* Required work
Please transcribe exactly the lines from the line holding "Karl Lagerfeld ROBES - Robes fille" through the end of the data below, and skip any pictures.

* Information supplied
══════════════════════════════
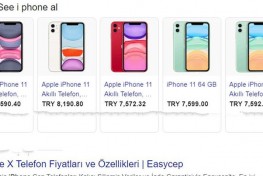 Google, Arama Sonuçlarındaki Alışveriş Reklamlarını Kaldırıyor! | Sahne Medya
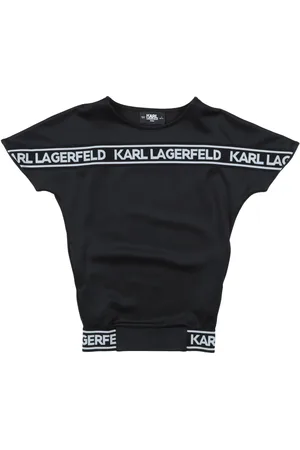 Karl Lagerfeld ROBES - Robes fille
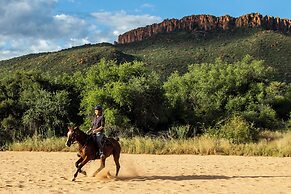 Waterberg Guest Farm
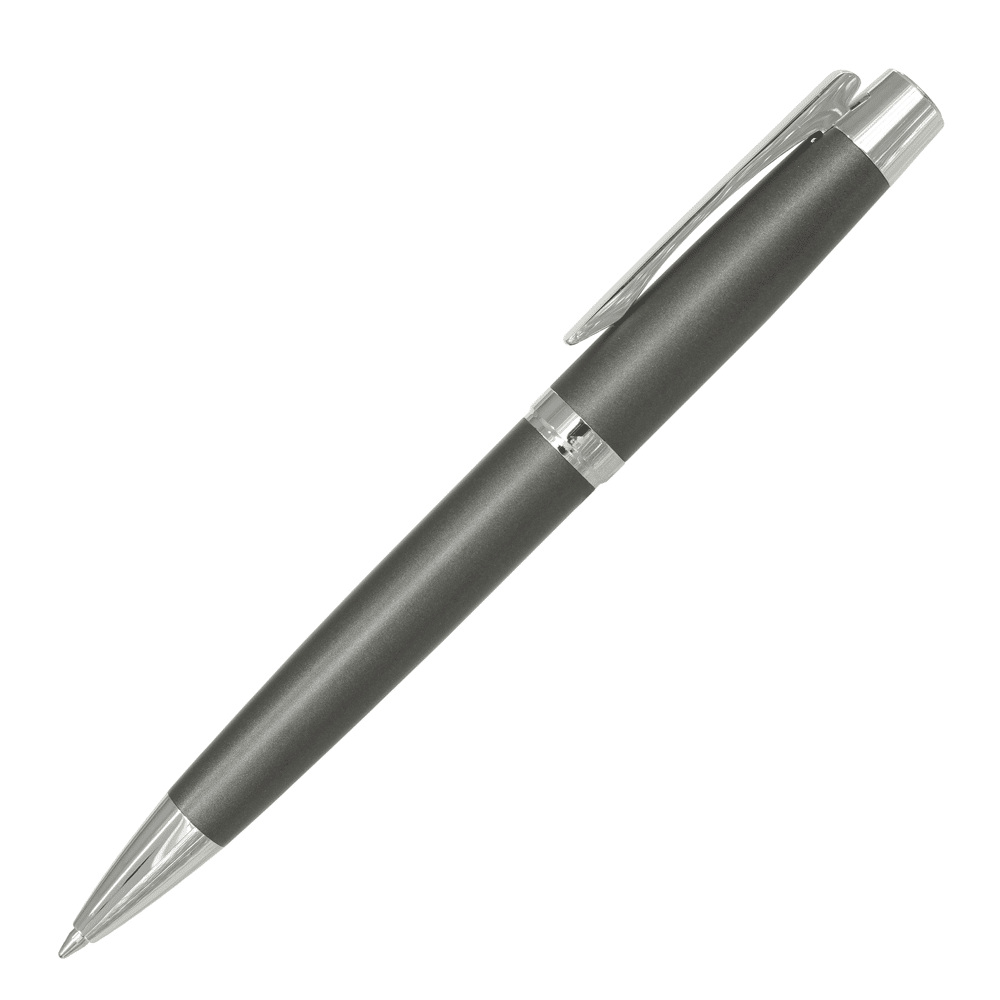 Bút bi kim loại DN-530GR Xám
══════════════════════════════
* Response
 Karl Lagerfeld ROBES - Robes fille
 Waterberg Guest Farm
 Bút bi kim loại DN-530GR Xám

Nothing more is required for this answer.